Victim Support Europe study on cross-border victimisation

22 Feb, 2017

On this European Day for Victims of Crime Victim Support Europe pays particular attention to cross-border victims of crime – or victims of crime that are victimised in a country other than the country they reside in.

An estimated 2 million people fall victim in a European Member State other than their own each year. Like other victims of crime cross-border victims can face devastating consequences of the crime – physical, psychological, financial, practical, social.

A Victim Support Europe study on cross-border victimisation showed that the cross-border element of victimisation adds a layer of complexity. Being a victim in a country that is not their own, victims can face additional barriers to exercise their rights.

Our study identified characteristics of cross-border victims that can turn into barriers and prevent cross-border victims to access to their #victimsrights to information, protection, access to justice.

  • Difference in language between the victim and the competent authorities and service providers
  • Practical difficulties faced by cross-border victims due to the crime
  • Different cultural background than competent authorities or services providers
  • Distance between the victims and their support network in their country of residence; distance between victim and competent authorities
  • Limited time that victims stay in the country where the crime occurred

While both national and EU legislation has substantially improved and extended the rights available to cross-border victims, our study clearly shows the discrepancy between rights on paper and in practice for these victims.

 

  1. Information provision

Our findings show that cross-border victims of crime are mostly unaware of their rights as a victim of crime in a country other than their country of residence. Even more so than other victims, as they have no knowledge of the criminal justice system, or the rights they have in the country where the crime took place.

  • Information for victims should be provided in as many languages as possible.
  • Information on rights should be provided to the victim in a culturally sensitive way.
  • In order to deal with the barrier of distance, information on rights and procedures to follow to enjoy these rights should be provided in a way that victims can access them from a distance e.g. internet applications or websites.
  • Furthermore, information provision for victims of cross-border crimes should be offered in locations that Cross-border victims of crime can easily access it (e.g. airports).

Good practices:

 

III. Access to Justice

The primary barrier to access to justice is language. Although victims of cross-border crimes have a right to translation and interpretation, our study reveals the various shortcomings in the provision of translation and interpretation by competent authorities. Translation is often limited to certain procedures such as making a complaint, rarely offered in all languages and often provided with a lengthy delay. This limits victims from accessing information on the investigation, court case or decisions made.

  • Authorities should invest in translation procedures that are executed in a limited timeframe that minimise the additional emotional strain, and don’t impede cross-border victims from exercising their rights to participate in criminal proceedings.
  • Translations should be offered to victims free of charge

Good practices:

  • Victim support organisations take up an important informal role to overcome the barrier of language by providing informal translation to victims during court hearings, or of files related to the criminal proceedings.

 

Another barrier to access to justice identified in our study is the geographical distance between the victim and the criminal proceedings.
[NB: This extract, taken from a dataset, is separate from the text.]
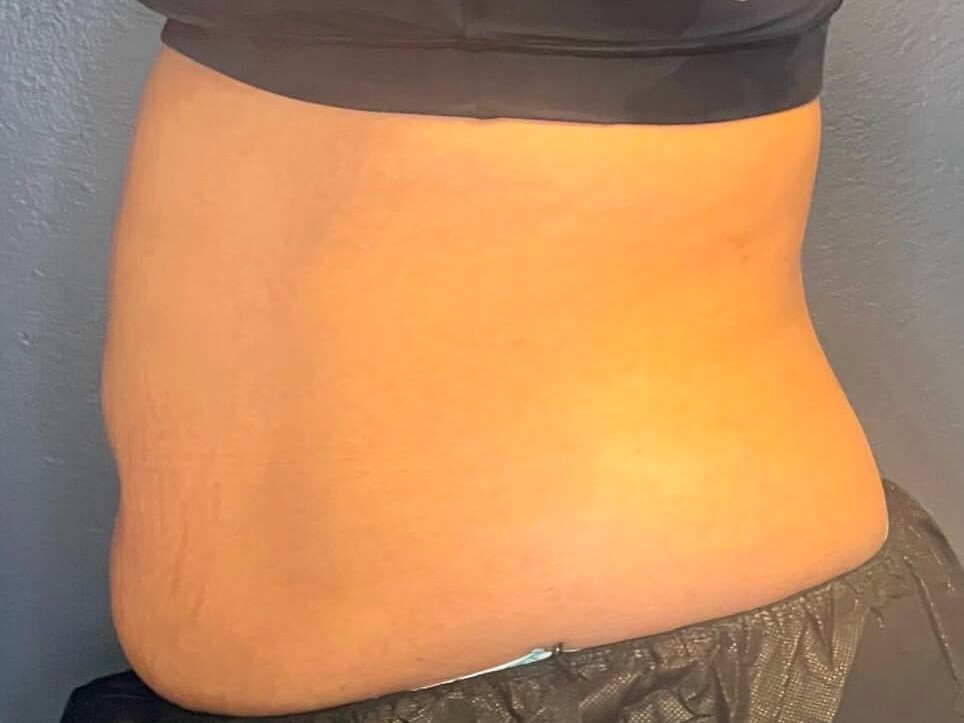 Coolsculpt your Flanks & Abs After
Procedures for reimbursements of expenses to attend trial are often poorly communicated to cross-border victims, or not enough to cover the costs of the victims.

Good practices:

  • France offers reimbursements of expenses for attending the trial.
  • Member states offer digital means like video conferencing are in place to bridge the distance between the victim and the criminal proceedings.

 

IV. Victim Support

Our study shows that cross-border victims need victim support. Their lack of information on the criminal justice system and often their lack of support system in the country where the crime took place are additional reasons why victim support has an important role to play in bridging the barriers faced by cross-border victims. However, cross-border victims often do not reach victim support services. The police and internet are identified as main  sources through which cross-border victims reach victim support services.

Good practices:

  • Platforms of networks like Victim Support Europe or WAVE offer information on where to reach victim support services in the EU.
  • Consulates and embassies work together with victim support organisations and provide information and referral to cross-border victims. a

 

V. Referral and Collaboration between victim support organisations

A large proportion of participants referred to Victim Support Europe as the major facilitator of current cross-border collaboration on cases of cross-border victims.